Dow to Introduce New Silicone Facade Program
At the beginning of the month, The Dow Chemical Company announced plans to introduce the world’s first commercially available program for carbon-neutral silicones in building facades.
According to Dow, the ground-breaking innovation will allow builders to design with more freedom by engineering less impact, as carbon-neutral silicones can reduce the carbon needed to produce the silicone polymers that are the building blocks of its products to net zero. The World Green Building Council reports that the building sector is responsible for approximately 39% of global CO2 emissions, which includes both embodied carbon and building operations.
The program will select PAS 2060-verified carbon-neutral silicones, which are slated to decrease the environmental impact of buildings and contribute to achieving regional and global targets for CO2 reduction. The verification is internationally recognized for organizational carbon-neutrality.
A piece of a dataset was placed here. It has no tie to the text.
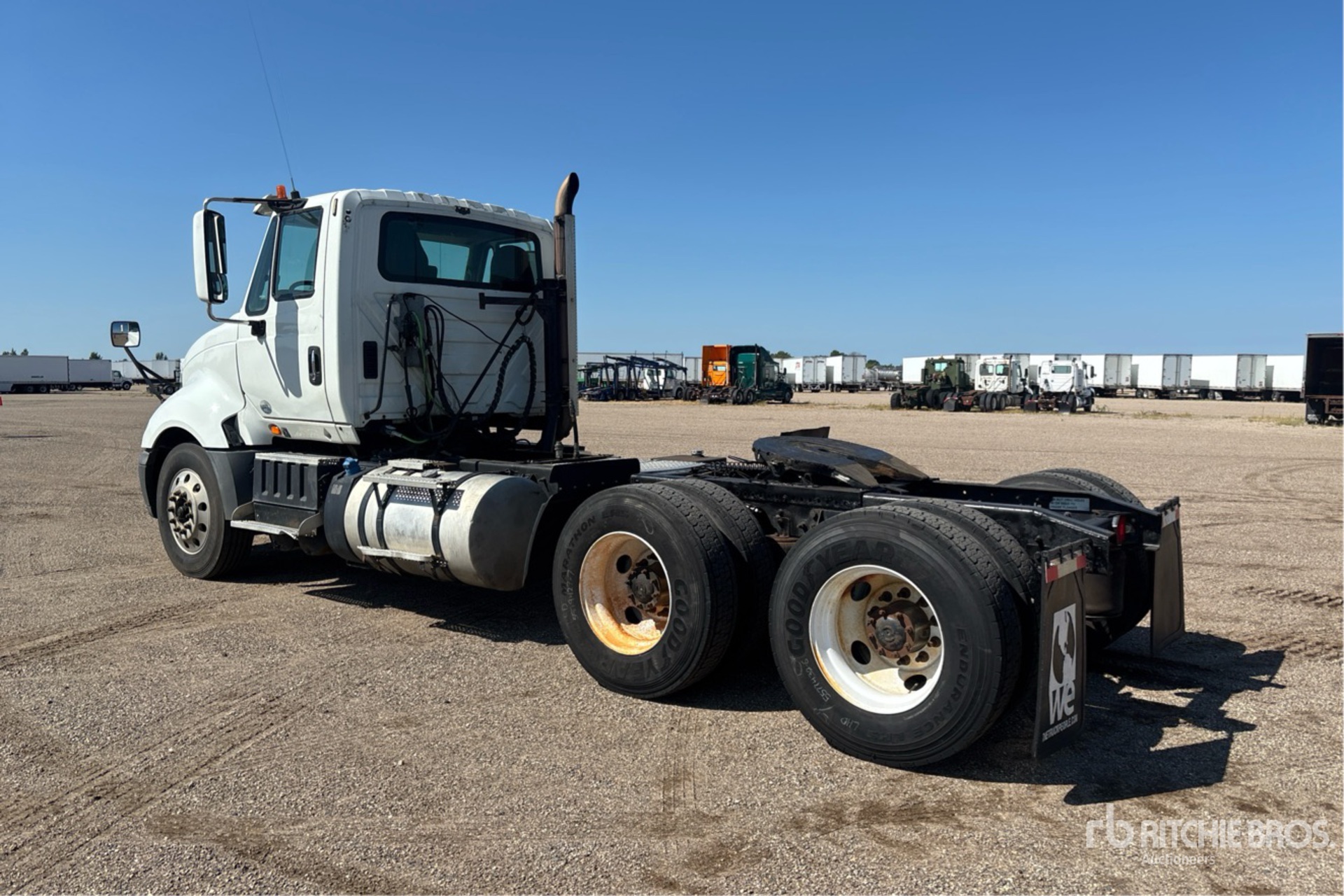 2016 International PROSTAR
Although the production of Dow’s silicon products still require energy, the use of them is reported to require very low energy in applications such as prefabricated facade elements and glass insulation, which will help to significantly improve the energy efficiency of buildings.
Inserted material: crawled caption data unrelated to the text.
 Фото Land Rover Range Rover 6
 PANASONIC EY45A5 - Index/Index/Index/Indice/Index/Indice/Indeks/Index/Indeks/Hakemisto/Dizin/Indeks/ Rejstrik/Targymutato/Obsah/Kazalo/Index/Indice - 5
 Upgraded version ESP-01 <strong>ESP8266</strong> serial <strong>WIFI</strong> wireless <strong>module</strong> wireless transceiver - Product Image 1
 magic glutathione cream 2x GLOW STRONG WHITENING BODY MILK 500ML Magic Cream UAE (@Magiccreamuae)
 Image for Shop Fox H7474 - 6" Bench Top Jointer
Operating under the DOWSIL Carbon-Neutrality Program, the silicones are also intended to be used for structural glazing, insulating glass and weather sealing. The durability of the silicones is proven to last more than 50 years in insulated building envelopes. For silicone sealants, Dow adds that the carbon ration conserves up to 20 times more energy than what is needed to produce them for insulated glass.
“The commercial introduction of our carbon-neutrality program for DOWSIL Silicones for building facades represents a true evolution in silicone carbon-neutrality,” said Markus Plettau, Dow’s Global Segment Leader for Building Facades. “Aligned with the industry efforts towards developing net-carbon-zero buildings to reduce CO2 emissions, Dow is leading the way in decreasing the embodied carbon present in construction materials.”
Plettau adds that he is positive that silicone will remain the technology of choice when it comes to building and construction, not only because of its long-term performance and carbon footprint ,but also because it equips buildings with enhanced energy and greenhouse gas emissions performances.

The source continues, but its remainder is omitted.